What if I can store the high-level causal structure explicitly on paper and keep the individual causal functional equations in the textbook and refer to them as needed?

Basically, I’m limited by my typing speed. If I go the explicit route, I cannot build a causal model faster than I can type. And most of that would be just a costly repeat of the information in the textbook. A human can understand those English sentences effortlessly, whereas writing them in causal form would be a pain.

So, the question is where do I draw the limits? What do I choose to show explicitly in causal form and what do I choose to keep in the textbook in English?

I need to choose those parts of the domain that are modular - things that don’t depend too much on other things. I can just ignore their details and just view them in abstract form.

Finally, it depends on what problems I would need to solve. Remember, goals dictate abstractions. So, I need to figure out the key variables and work backwards.

I think I chose poorly when I decided to work on a high school biology textbook. Most of the exercise questions ask you to repeat what is in the textbook. There seems little application of the knowledge to solving problems.

Perhaps a high school physics textbook would be more helpful. I would have actual problems to test my models on. In fact, I’m not restricted to just one textbook. Pick textbooks from physics, economics, geography (?), math, and history (?). Further, don’t just take high school textbooks in these subjects, look for books from the lower grades too. It has to involve problem-solving somehow, otherwise I can’t test how good my model is.

Notes

One way: Vie against Conventional Thinking

At each point, I must know exactly where my method is deficient. I seem to believe deep down that a good scientific method can solve any problem more efficiently than conventional human thinking. For this not to be an empty boast, I need to figure out what my method can’t do that conventional thinking can, and eventually make it go beyond conventional limits.

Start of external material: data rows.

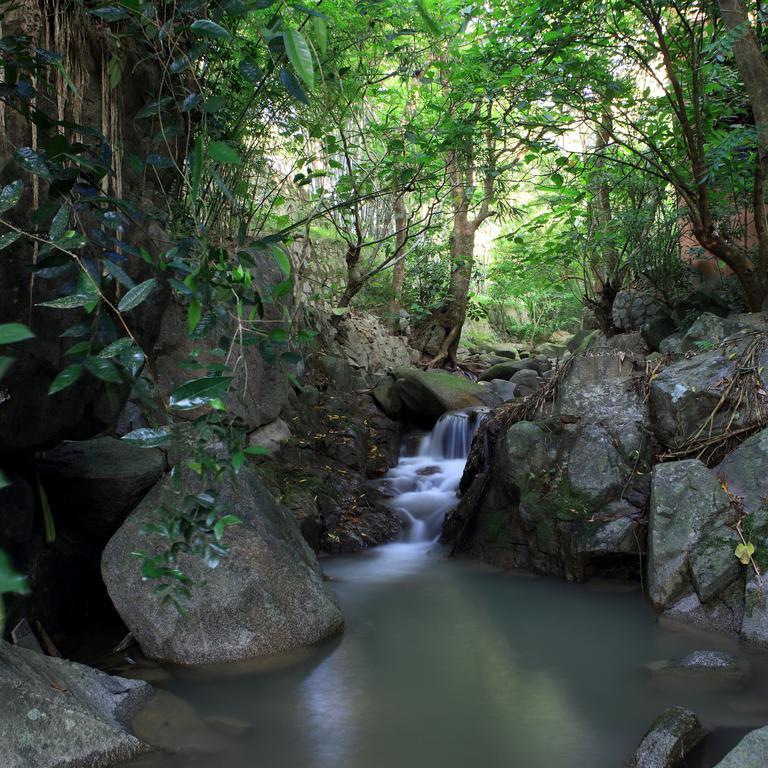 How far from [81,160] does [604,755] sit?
322 cm

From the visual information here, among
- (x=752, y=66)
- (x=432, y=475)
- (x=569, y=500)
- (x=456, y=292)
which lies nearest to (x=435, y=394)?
(x=432, y=475)

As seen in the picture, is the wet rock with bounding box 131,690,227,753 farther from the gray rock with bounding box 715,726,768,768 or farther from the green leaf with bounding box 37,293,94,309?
the green leaf with bounding box 37,293,94,309

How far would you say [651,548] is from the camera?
4.63m

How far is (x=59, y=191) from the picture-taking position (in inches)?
77.0

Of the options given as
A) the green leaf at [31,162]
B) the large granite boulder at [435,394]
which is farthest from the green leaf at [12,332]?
the large granite boulder at [435,394]

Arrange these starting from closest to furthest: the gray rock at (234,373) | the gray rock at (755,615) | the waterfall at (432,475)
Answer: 1. the gray rock at (755,615)
2. the gray rock at (234,373)
3. the waterfall at (432,475)

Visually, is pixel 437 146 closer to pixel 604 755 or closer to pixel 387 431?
pixel 387 431

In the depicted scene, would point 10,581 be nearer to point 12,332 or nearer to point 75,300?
point 12,332

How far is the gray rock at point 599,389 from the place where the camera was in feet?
19.4

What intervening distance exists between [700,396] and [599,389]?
995 millimetres

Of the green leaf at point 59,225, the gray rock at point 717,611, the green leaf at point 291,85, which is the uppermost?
the green leaf at point 291,85

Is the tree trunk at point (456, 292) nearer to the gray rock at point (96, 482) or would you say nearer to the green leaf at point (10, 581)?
the gray rock at point (96, 482)

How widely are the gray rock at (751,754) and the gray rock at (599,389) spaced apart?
146 inches

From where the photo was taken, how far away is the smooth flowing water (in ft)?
9.93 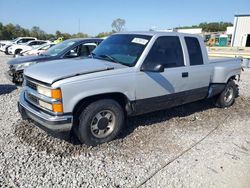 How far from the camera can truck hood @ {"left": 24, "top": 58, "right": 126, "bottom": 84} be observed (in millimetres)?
3541

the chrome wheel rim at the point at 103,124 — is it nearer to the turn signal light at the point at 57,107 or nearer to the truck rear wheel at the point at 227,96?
the turn signal light at the point at 57,107

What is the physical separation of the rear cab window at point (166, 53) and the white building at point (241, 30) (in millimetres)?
38032

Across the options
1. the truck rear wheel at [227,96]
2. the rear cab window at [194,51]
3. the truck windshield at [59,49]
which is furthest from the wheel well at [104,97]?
the truck windshield at [59,49]

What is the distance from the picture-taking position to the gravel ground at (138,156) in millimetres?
3182

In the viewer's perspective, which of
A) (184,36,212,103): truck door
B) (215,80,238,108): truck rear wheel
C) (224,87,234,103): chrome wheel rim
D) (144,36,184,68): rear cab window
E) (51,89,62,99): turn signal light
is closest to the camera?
(51,89,62,99): turn signal light

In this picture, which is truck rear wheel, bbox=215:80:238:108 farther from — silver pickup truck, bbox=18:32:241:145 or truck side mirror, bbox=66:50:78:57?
truck side mirror, bbox=66:50:78:57

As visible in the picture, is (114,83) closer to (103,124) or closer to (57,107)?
(103,124)

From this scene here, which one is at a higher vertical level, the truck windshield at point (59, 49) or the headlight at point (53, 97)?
the truck windshield at point (59, 49)

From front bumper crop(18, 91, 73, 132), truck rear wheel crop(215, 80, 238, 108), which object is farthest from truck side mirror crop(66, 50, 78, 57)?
truck rear wheel crop(215, 80, 238, 108)

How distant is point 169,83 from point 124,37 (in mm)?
1284

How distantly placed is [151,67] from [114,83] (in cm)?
71

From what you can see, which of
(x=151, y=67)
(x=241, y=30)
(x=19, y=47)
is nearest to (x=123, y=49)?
(x=151, y=67)

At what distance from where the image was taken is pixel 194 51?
514 cm

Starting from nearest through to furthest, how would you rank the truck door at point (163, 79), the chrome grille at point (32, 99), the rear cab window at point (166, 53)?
the chrome grille at point (32, 99), the truck door at point (163, 79), the rear cab window at point (166, 53) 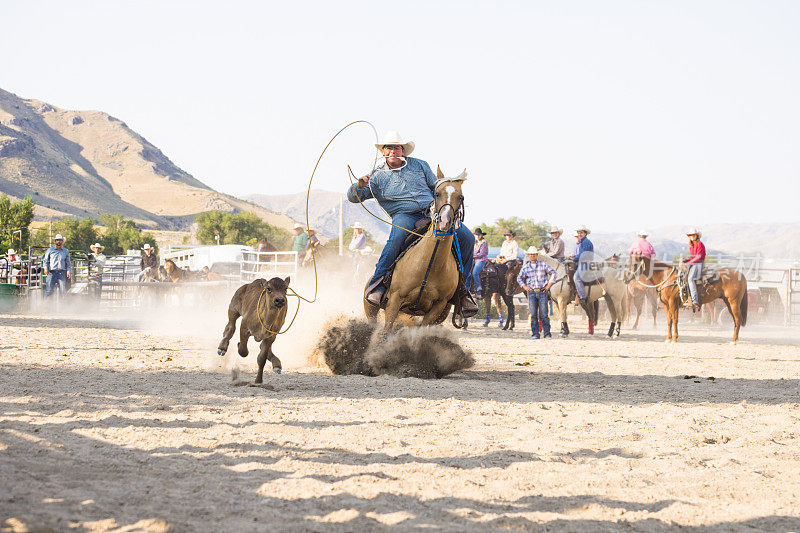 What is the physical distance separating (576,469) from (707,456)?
3.73ft

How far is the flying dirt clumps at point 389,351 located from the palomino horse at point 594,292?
436 inches

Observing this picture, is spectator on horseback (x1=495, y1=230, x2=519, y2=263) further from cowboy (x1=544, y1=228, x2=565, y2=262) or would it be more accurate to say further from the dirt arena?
the dirt arena

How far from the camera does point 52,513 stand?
3.72 metres

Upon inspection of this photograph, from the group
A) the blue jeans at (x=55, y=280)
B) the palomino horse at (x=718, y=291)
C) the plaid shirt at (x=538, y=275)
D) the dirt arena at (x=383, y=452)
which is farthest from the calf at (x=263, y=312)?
the blue jeans at (x=55, y=280)

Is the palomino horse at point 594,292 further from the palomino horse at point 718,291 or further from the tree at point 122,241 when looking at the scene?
the tree at point 122,241

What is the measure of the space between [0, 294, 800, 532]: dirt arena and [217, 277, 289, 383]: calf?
1.32 ft

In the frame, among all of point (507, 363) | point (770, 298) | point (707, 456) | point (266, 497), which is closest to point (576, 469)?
point (707, 456)

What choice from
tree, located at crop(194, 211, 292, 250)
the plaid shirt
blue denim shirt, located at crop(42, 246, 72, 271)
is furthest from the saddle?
tree, located at crop(194, 211, 292, 250)

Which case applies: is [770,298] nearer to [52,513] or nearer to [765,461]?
[765,461]

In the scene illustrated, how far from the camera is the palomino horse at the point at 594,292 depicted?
20.6m

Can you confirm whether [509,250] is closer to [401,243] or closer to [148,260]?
[401,243]

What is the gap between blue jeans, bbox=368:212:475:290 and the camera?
9.64 m

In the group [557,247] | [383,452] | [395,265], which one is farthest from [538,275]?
[383,452]

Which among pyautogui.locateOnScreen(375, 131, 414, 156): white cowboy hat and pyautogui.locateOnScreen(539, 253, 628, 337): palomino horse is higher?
pyautogui.locateOnScreen(375, 131, 414, 156): white cowboy hat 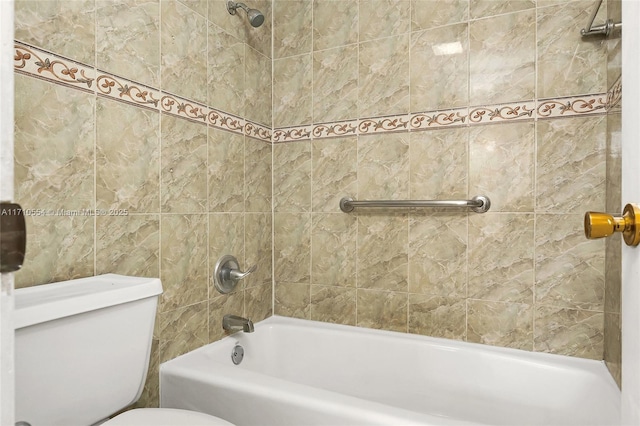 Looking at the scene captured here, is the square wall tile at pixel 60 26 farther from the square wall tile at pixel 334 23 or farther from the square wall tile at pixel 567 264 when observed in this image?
the square wall tile at pixel 567 264

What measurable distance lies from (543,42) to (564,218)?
653 millimetres

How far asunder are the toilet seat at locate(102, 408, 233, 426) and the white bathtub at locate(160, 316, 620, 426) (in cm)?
18

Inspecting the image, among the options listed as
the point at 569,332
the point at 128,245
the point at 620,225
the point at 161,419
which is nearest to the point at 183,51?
the point at 128,245

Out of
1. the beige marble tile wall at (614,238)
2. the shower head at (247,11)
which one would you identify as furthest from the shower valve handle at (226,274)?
the beige marble tile wall at (614,238)

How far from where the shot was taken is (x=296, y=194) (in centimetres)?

Conventional thinking is the alternative that the scientific method has to beat. If you want to solve problems, you need to use a method of thinking. Most sane people go with either conventional thinking (common sense) or the scientific method. If we are to switch to the scientific method in most cases, then it must give better results. So, as I try to improve my model of the scientific method, I must constantly test if it can do better than orthodox methods.

And, mind you, conventional thinking is pretty damn good. The naive human brain is capable of effortlessly learning to ride a bicycle, something that we still have trouble programming a computer to do (I think).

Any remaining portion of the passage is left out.